Rdkit quick tips

Rdkit code snippets and recipes that I revisit now and again.
chemical-science
exploratory-data-analysis
machine-learning
resources
Published

October 10, 2021

Rdkit code snippets and recipes that I revisit now and again. The snippets are adopted from different python scripts written over time, ignore the variable names.

Tutorials & Walkthroughs

*Mute warnings

from rdkit import RDLogger   
RDLogger.DisableLog('rdApp.*') 

Fingerprints

Quick ECFP fingerprint

from rdkit.Chem import AllChem
from rdkit import Chem, DataStructs
from rdkit.Chem import rdFingerprintGenerator

# Convert to Chem.Mol: 
mol = Chem.MolFromSmiles(smiles)

# Counts by default - unfolded 
rdMolDescriptors.GetMorganFingerprint(mol, radius) 

# Folded counts 
rdMolDescriptors.GetHashedMorganFingerprint(mol, radius, nBits=num_bits)

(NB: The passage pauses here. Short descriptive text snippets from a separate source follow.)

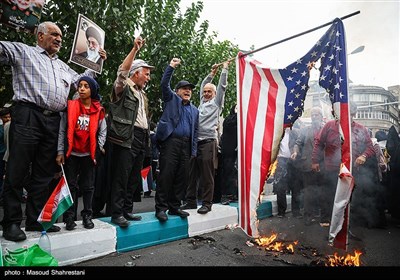 راهپیمایی 13آبان در تهران -4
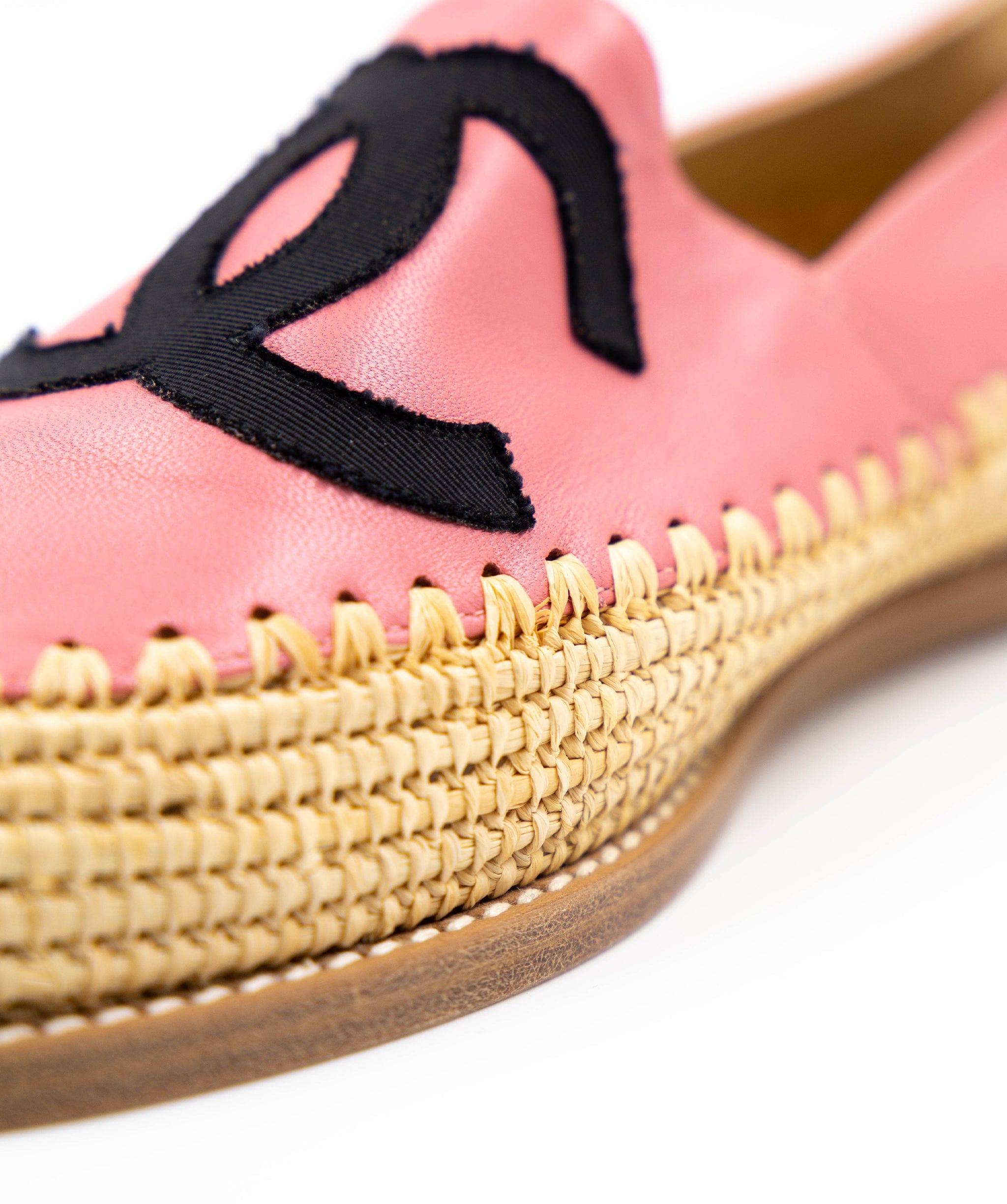 Chanel Chanel Pink Leather CC Espadrilles 38 - AGL2183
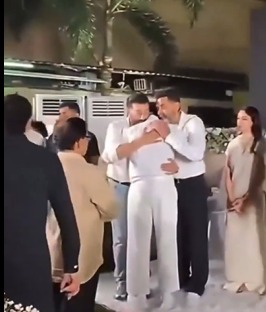 Watch: Sonu Nigam Consoles Emotional Sunny-Bobby Deol At Dharmendra's Prayer Meet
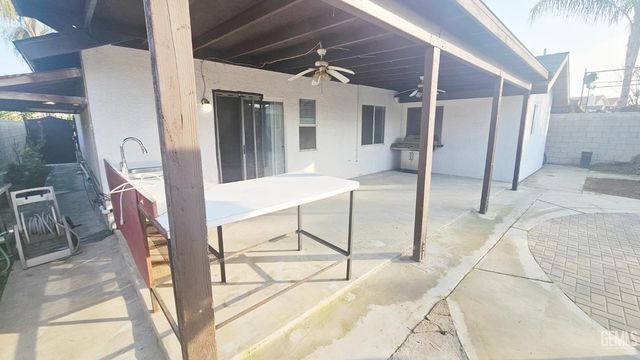 2216 Palomar Court, Delano, CA 93215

#Folded FP bit vectors as per the size of the bits 
morgan_fp_bit_vect = rdMolDescriptors.GetMorganFingerprintAsBitVect(mol, radius, nBits=num_bits)

# Convert to numpy 
fp = np.zeros((0,), dtype=np.int16)
DataStructs.ConvertToNumpyArray(morgan_fp_bit_vect, fp)

Loading data

Tanimoto similarity matrix

Adapted from Andrew White:

import itertools
def tanimoto_matrix(slist):
    '''
    Compute pair-wise Tanimoto similarity between a list of smiles with ECFP4 FPs
    '''
    fp = [ AllChem.GetMorganFingerprint( Chem.MolFromSmiles(s), 2 ) for s in slist ]
    ts = list(
    DataStructs.cDataStructs.TanimotoSimilarity(x,y) for x, y, in itertools.product(fp, repeat=2)
    )
    return np.array(ts).reshape(len(fp), len(fp))

Loading ZINC dataset

Adapted from Andrew White:

tranches = pd.read_csv('https://gist.githubusercontent.com/whitead/f47887e45bbd2f38332182d2d422da6b/raw/a3948beac9b9034dab432b697c5ec238503ac5d0/tranches.txt')
def get_mol_batch(batch_size = 32):
  for t in tranches.values:
    d = pd.read_csv(t[0], sep=' ')    
    for i in range(len(d) // batch_size):
      yield d.iloc[i * batch_size:(i + 1) * batch_size, 0].values

Viewing molecules

SDF

Simple implementation

inf = open('./example.sdf','rb')
#import gzip 
#inf = gzip.open('gzip_file')
fsuppl = Chem.ForwardSDMolSupplier(inf)
mol_list = []
for mol in fsuppl:
  if mol is None:
    continue
  print(mol.GetNumAtoms())
  mol_list.append(mol)

As a Pandas DataFrame

sdf_df = PandasTools.LoadSDF('./example.sdf')
sdf_df['NumHeavyAtoms']= sdf_df.apply(lambda x: x['ROMol'].GetNumHeavyAtoms(), axis=1)
PandasTools.WriteSDF(sdf_df, 'out.sdf', molColName='ROMol', idName='ID', properties=list(sdf_df.columns), allNumeric=False)

Viewing molecules inline

from rdkit.Chem.Draw import IPythonConsole
from rdkit.Chem.Draw import MolsToGridImage 
IPythonConsole.ipython_useSVG=True  #SVG's tend to look nicer than the png counterparts

sample_mol_list = [Chem.MolFromSmiles(x) for x  in smiles_list]
MolsToGridImage(sample_mol_list, molsPerRow=5)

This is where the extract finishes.